Take that, sports cars! Physicists at NIST can accelerate their beryllium ions from zero to 100 mph and stop them in just a few microseconds. What's more, the ions come to a complete stop and hardly feel the effects of the ride. And they're not just good for submicroscopic racing—NIST physicists think their zippy ions may be useful in future quantum computers.
The ions travel 100 times faster than was possible before across a few hundred micrometers in an ion trap—a single ion can go 370 um in 8 microseconds, to be exact (about 100 mph.)
Although ions can go much faster in accelerators, the NIST ions demonstrate precision control of fast acceleration and sudden stops in an ion trap. A close analogy is a marble resting at the bottom of a bowl, and the bowl suddenly accelerating. During the transport, the marble will oscillate back and forth relative to the center of the bowl. If the bowl is suddenly stopped at the right time, the marble will come to rest together with the bowl. Furthermore, the NIST researchers assured that their atomic marble's electron energy levels are not affected, which is important for a quantum computer, where information stored in these energy levels would need to be moved around without compromising the information content.
For a quantum computer to solve important problems that are intractable today, the information carried by many quantum bits, or qubits, needs to be moved around in the processor.
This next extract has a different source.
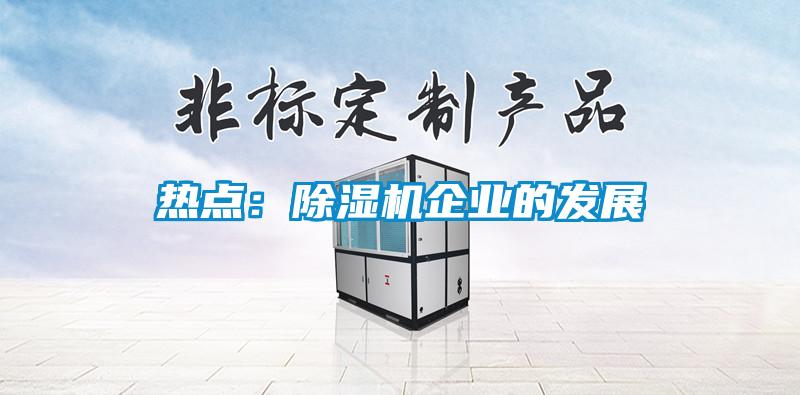 热点:除湿机企业的发展
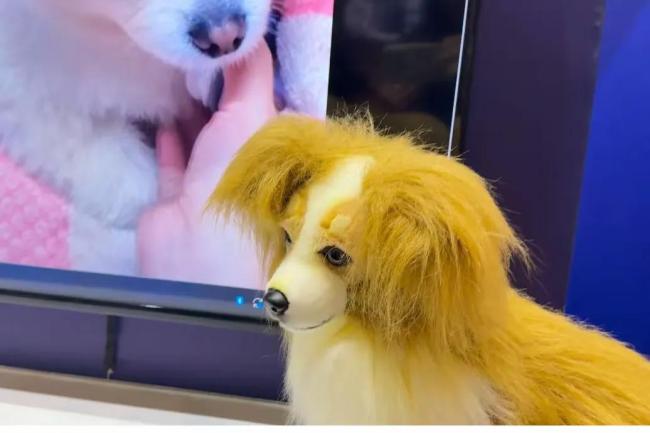 中国机器狗在展会大放异彩：一天内斩获众多海外订单，彰显智能科技的无限魅力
With ion qubits, this can be accomplished by physically moving the ions. In the past, moving ions took much longer than the duration of logic operations on the ions. Now these timescales are nearly equivalent. This reduces processing overhead, making it possible to move ions and prepare them for reuse much faster than before.
As described in Physical Review Letters, NIST researchers cooled trapped ions to their lowest quantum energy state of motion and, in separate experiments, transported one and two ions across hundreds of micrometers in a multi-zone trap. Rapid acceleration excites the ions' oscillatory motion, which is undesirable, but researchers controlled the deceleration well enough to return the ions to their original quantum state when they came to a stop. A research group from Mainz, Germany, reports similar results.
The secret to the speed and control is custom electronics. NIST researcher Ryan Bowler used fast FPGA (field-programmable gate array) technology to program the voltage levels and durations applied to various electrodes in the ion trap. The smooth voltage supply can move the ions very fast while also keeping them from getting too excited.
With advances in precision control, researchers think ions could be transported even more quickly and yet still return to their original quantum states when they stop. Researchers must also continue to work on the many practical challenges, such as suppressing unwanted heating of the ion motion from noisy electric fields in the environment.